How can I simulate data for my model?(Reinforcement Learning Model)

my intended stan code is like below:

data {
  int<lower=1,upper=39> nSubjects;
  int<lower=1,upper=100> nTrials;
  int<lower=1,upper=4> choice[nSubjects, nTrials];     
  real<lower=-1150, upper=100> reward[nSubjects, nTrials]; 
  matrix [nSubjects, nTrials] NumA[nSubjects, nTrials];
  matrix [nSubjects, nTrials] NumB[nSubjects, nTrials];
  matrix [nSubjects, nTrials] NumC[nSubjects, nTrials];
  matrix [nSubjects, nTrials] NumD[nSubjects, nTrials];
}

transformed data {
  vector[4] initV;  // initial values for V
  vector[4] initu;
  vector[1] initA;
  vector[1] initB;
  vector[1] initC;
  vector[1] initD;
  initV = rep_vector(0.0, 4);
  initu = rep_vector(0.0, 4);
  initA = rep_vector(0.0, 1);
  initB = rep_vector(0.0, 1);
  initC = rep_vector(0.0, 1);
  initD = rep_vector(0.0, 1);
}

parameters {
  // real<lower=0,upper=1>lr_mu;
  // real<lower=0,upper=1>tau_mu;
  
  // real<lower=0>lr_sd;
  // real<lower=0>tau_sd;
  
  real<lower=0,upper=1>   lr[nSubjects];
  real<lower=0,upper=2>   c[nSubjects];
  real<lower=0,upper=1>   A[nSubjects];
  real<lower=0,upper=5>   loss_aversion[nSubjects];
}

model {
  // lr_sd  ~  cauchy(0,1);
  /// tau_sd ~  cauchy(0,3);
  // lr     ~  normal(lr_mu,lr_sd);
  // tau    ~  normal(tau_mu,tau_sd);
 
}

generated quantities {
  matrix [nSubjects,nTrials]choice_sim[nSubjects,nTrials];
  matrix [nSubjects,nTrials]reward_sim[nSubjects,nTrials];
  for (s in 1:nSubjects) {
    vector[4] v; 
    vector[4] U;
    real pe;
    real theta;
    v     = initV;
    U     = initu;
    
    for (t in 1:nTrials) {
      // complete the foo-loop here
      theta = pow(3,c[s])-1;
      choice[s,t] = softmax(theta*v);
      
      if(choice[s,t] == 1){
        reward[s,t] = IGT_netincome[1,NumA];
        NumA = NumA+1;
      }else if(choice[s,t] == 2){
        reward[s,t] = IGT_netincome[2,NumB];
        NumB = NumB+1;
      }else if(choice[s,t] == 3){
        reward[s,t] = IGT_netincome[3,NumC];
        NumC = NumC+1;
      }else{
        reward[s,t] = IGT_netincome[4,NumD];
        NumD = NumD+1;
      }
         
      if (reward[s,t]>=0) {
        U[choice[s,t]] = pow(reward[s,t],A[s]);
        }else {
        U[choice[s,t]] = -loss_aversion[s]*(pow(-reward[s,t],A[s]));}
      v[choice[s,t]]=v[choice[s,t]]+lr[s]*pe;
      pe = U[choice[s,t]]-v[choice[s,t]];
        
  }
 }
}

But I found it not applicable. Though it’s a model based on Rescolar-wagnar reinforcement learning model, it’s under the context of Iowa Gambling Task. In brief, I would like to produce choice behaviour based on RL model, however the choice should be interger from 1 to 4 because they can only select among the four given decks. The reward is hidden beneath the card and you will get a reward after picking a deck. Their relationship is stored in a matrix which means certain choices produce certain reward.
And as you know, the reward may be high or low, positive or negative, and it impacts the next trial of choice probability. The probability is described by softmax rules.

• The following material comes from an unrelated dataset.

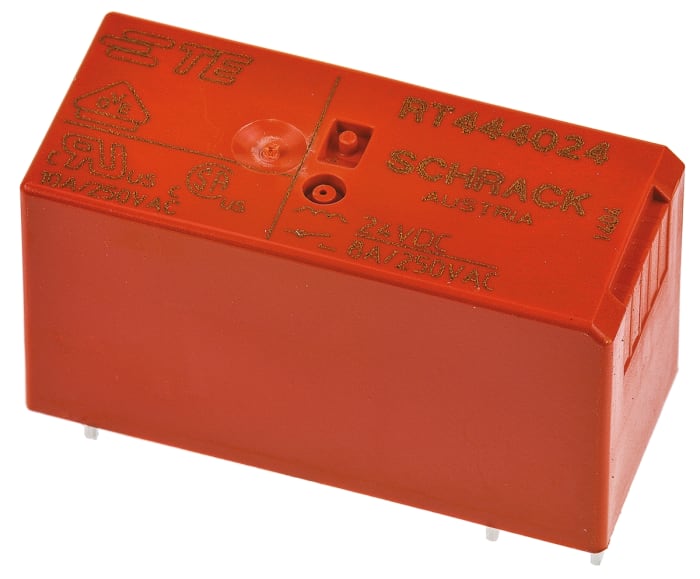 TE Connectivity PCB Mount Power Relay, 24V dc Coil, 8A Switching Current, DPST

So How can I simulate such a dataset because I am in a mess between model fitting and parameter estimation and model simulation. If you have specifc suggestions on code above, I would really appreciate it! Thank you in advcance!

Can you run your model using “algorithm=fixed” and then extract the generated quantities for one iteration?

What you do you mean your model is “not applicable”?

1 Like

It is not 100% clear for me what this model is doing.
For this to be a reinforcement learning model, the model sections needs code to update reward expectations and to make a choice given the reward expectations. The model has neither.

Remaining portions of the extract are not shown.